- _PROBLEM DESCRIPTION_
In the entries below, begin at the line that has "El equipo McLaren celebra los dos premios" and stop after the line that has "Deluxe Supreme 公寓 *"; output those lines exactly, leaving out pictures.

- _EXERCISE DATA_
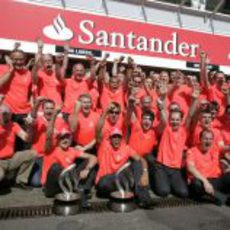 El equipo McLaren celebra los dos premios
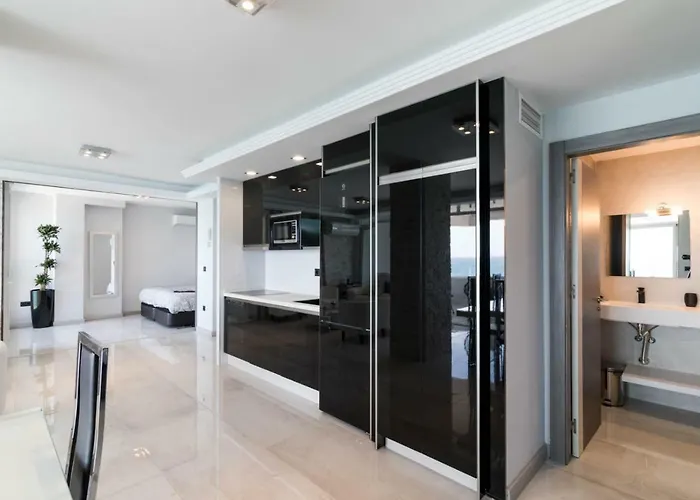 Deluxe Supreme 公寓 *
* * *
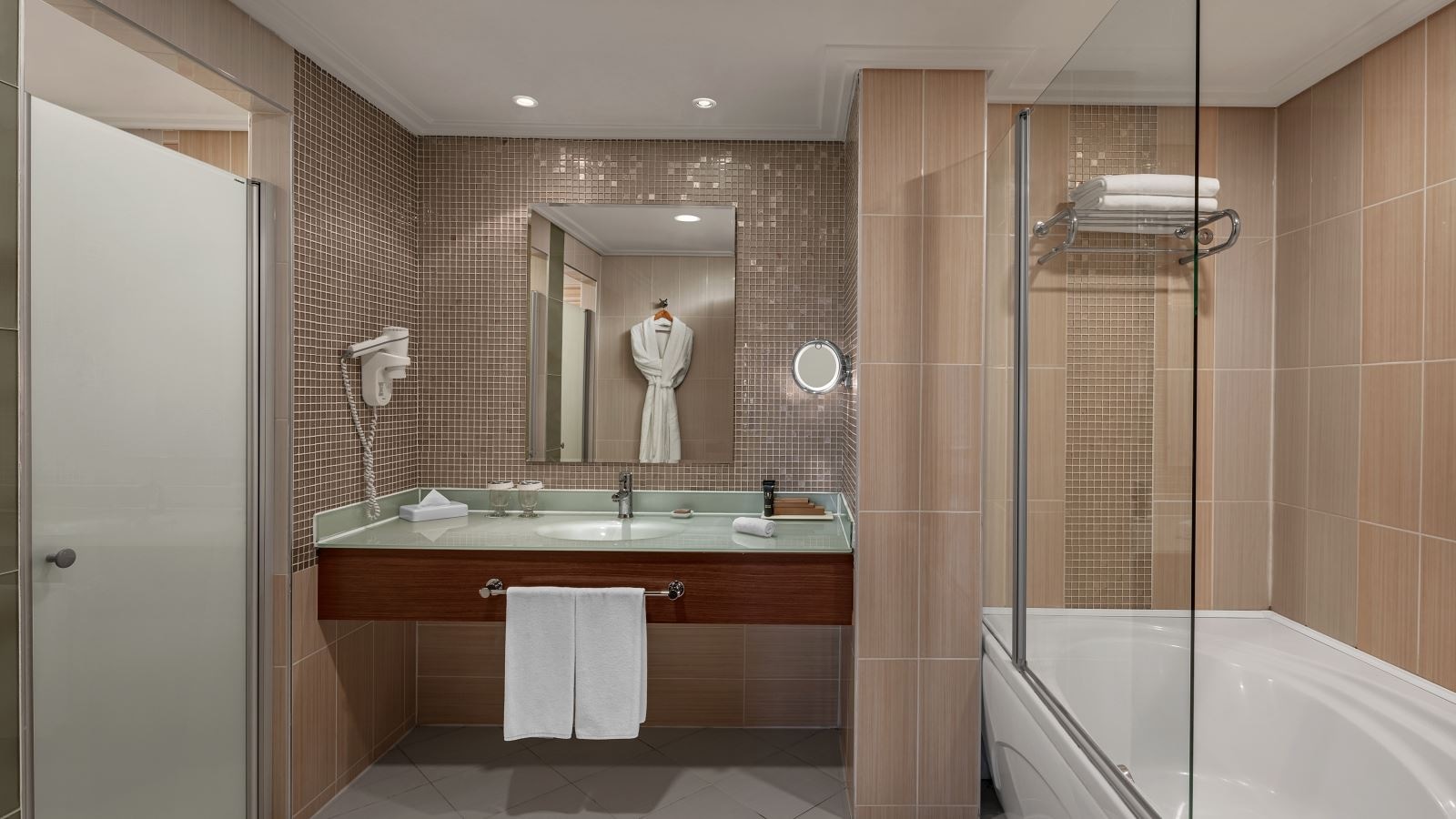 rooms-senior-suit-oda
...
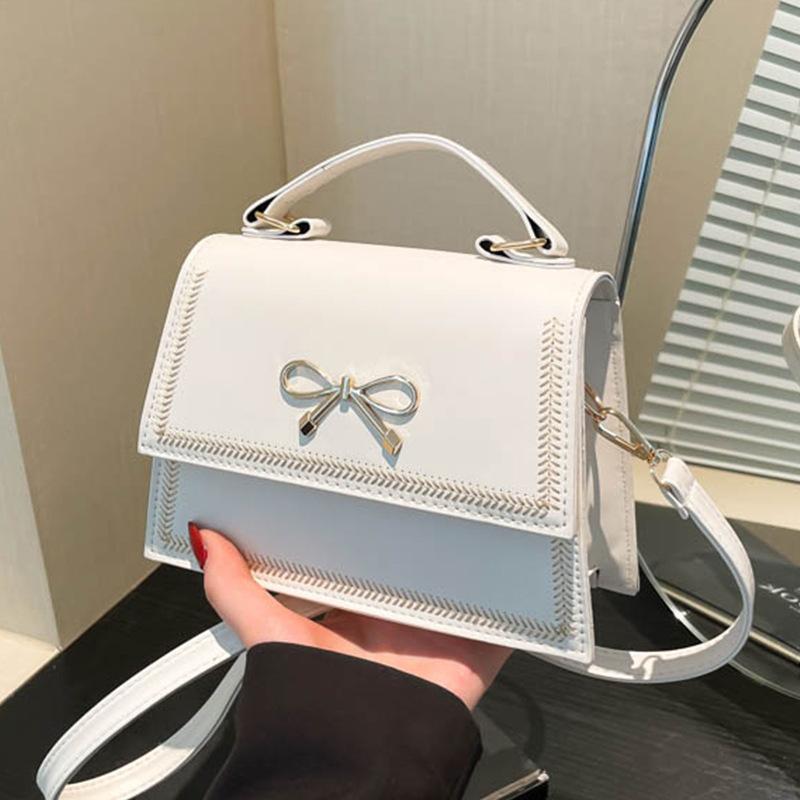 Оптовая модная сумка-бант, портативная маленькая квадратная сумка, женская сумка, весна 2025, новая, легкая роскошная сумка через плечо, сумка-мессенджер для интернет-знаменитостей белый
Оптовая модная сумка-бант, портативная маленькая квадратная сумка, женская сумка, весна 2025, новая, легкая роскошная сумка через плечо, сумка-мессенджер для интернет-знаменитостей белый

- _REPLY TO THE TASK_
 El equipo McLaren celebra los dos premios
 Deluxe Supreme 公寓 *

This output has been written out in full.